ABOUT THIS EXERCISE: From the line with "Ford Kuga 2.5" to the final line of the records, reproduce every line exactly and only those lines.

AVAILABLE DATA:
- Opening Delimiter -
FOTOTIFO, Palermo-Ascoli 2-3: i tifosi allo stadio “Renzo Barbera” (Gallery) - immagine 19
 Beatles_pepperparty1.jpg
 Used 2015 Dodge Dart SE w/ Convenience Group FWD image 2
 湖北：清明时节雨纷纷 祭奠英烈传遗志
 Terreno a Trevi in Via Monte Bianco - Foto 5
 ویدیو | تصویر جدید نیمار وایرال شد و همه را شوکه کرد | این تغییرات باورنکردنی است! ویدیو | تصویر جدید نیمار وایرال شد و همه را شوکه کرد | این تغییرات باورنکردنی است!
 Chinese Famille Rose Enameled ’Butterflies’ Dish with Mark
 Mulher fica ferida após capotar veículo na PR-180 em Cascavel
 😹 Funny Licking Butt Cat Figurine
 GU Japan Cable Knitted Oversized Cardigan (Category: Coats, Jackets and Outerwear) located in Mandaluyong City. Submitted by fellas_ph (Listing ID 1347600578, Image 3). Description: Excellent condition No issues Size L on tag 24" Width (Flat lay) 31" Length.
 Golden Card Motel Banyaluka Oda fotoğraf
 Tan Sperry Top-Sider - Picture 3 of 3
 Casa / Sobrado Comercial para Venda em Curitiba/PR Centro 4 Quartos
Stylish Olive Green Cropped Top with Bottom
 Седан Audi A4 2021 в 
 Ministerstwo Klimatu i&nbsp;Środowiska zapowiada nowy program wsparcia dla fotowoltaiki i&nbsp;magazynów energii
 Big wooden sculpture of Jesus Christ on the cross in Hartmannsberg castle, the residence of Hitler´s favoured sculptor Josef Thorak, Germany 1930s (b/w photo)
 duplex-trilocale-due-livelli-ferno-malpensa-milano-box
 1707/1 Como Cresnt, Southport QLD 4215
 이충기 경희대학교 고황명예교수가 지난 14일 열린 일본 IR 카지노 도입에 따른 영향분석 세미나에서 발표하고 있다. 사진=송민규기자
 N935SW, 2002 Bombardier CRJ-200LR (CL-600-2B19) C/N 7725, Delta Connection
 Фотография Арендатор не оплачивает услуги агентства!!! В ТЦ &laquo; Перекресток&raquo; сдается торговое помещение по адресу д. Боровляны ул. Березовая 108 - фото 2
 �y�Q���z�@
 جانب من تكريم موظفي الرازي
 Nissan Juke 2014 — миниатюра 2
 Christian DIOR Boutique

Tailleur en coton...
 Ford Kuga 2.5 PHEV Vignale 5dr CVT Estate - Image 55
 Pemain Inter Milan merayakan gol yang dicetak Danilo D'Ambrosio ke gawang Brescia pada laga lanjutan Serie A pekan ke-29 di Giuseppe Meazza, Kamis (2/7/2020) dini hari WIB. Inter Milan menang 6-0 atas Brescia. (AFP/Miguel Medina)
- Closing Delimiter -
THE COMPLETED TASK:
 Ford Kuga 2.5 PHEV Vignale 5dr CVT Estate - Image 55
 Pemain Inter Milan merayakan gol yang dicetak Danilo D'Ambrosio ke gawang Brescia pada laga lanjutan Serie A pekan ke-29 di Giuseppe Meazza, Kamis (2/7/2020) dini hari WIB. Inter Milan menang 6-0 atas Brescia. (AFP/Miguel Medina)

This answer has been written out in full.